On August 22, another IED attack hit a logistical convoy of the US-led coalition near Baghdad. This time the incident happened in Ghazaliya, on a highway leading to the al-Shuala district. The video from the site showed that at least one vehicle was damaged.
On August 23, an IED explosion targeted a convoy of US forces withdrawing from Camp Taji just a few hours after the US military officially handed the military base to Iraqi government forces. The base used to host 2,000 US troops. Most of them are set to be withdrawn in the coming days.
According to local sources, local Shiite resistance groups and Iranian-linked forces were behind these attacks. Iran and its Iraqi allies vowed to expel US forces from Iraq after the assassination of Iranian Quds Force Commander Maj. Gen. Qasem Soleimani and Deputy-Commander of the Iraqi Popular Mobilization Units Abu Mahdi al-Muhandis in a US drone strike on January 3, 2020.
On August 20, Iran even unveiled two missiles with named after Qasem Soleimani and Abu Mahdi al-Muhandis. The missiles were revealed on the occasion of the National Defense Industry Day. The first missile “Martyr Hajj Qassem Soleimani” is ballistic with a range of up to 1,400 km. The second weapon, named “Martyr Abu Mahdi al-Muhandis,” is a cruise missile with a range of up to 1,000 km. Iran claimed that both missiles are capable of penetrating advanced anti-missile systems.

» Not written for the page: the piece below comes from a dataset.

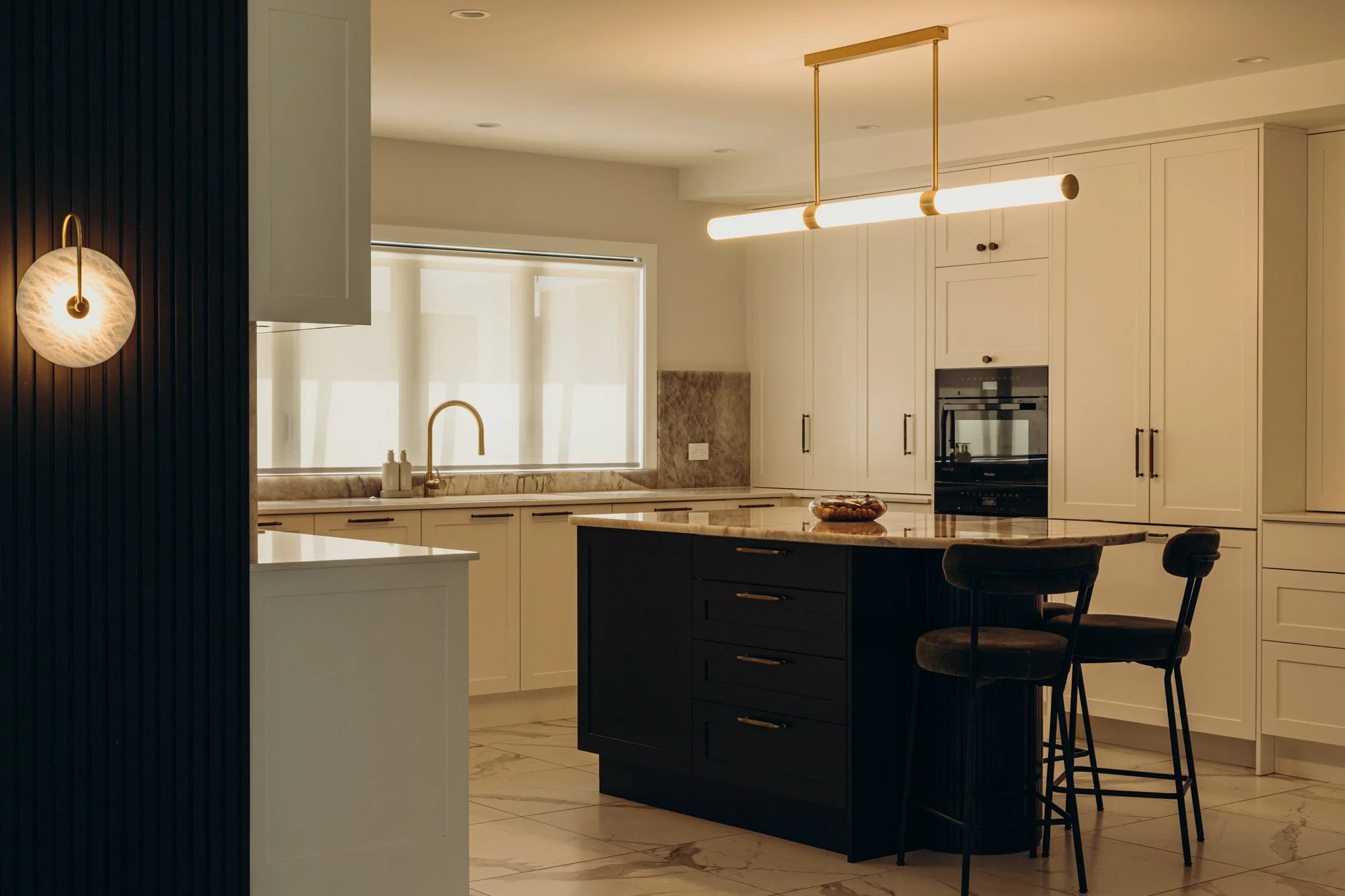 2023.12.20 NZF Pridex - Whitby WEB-5784.jpg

Tehran considers its missile program to be among the cornerstones of the country’s defense capabilities. On January 8, 2020, Iran even publicly conducted a missile strike on US military bases in Iraq retaliating for the assassination of Soleimani and al-Muhandis in Baghdad. The naming of new Iranian missiles after these prominent commanders are likely a demonstration of the Iranian determination to continue its anti-US campaign in the region. Therefore, the pressure on US forces in Iraq will likely further increase in the near future.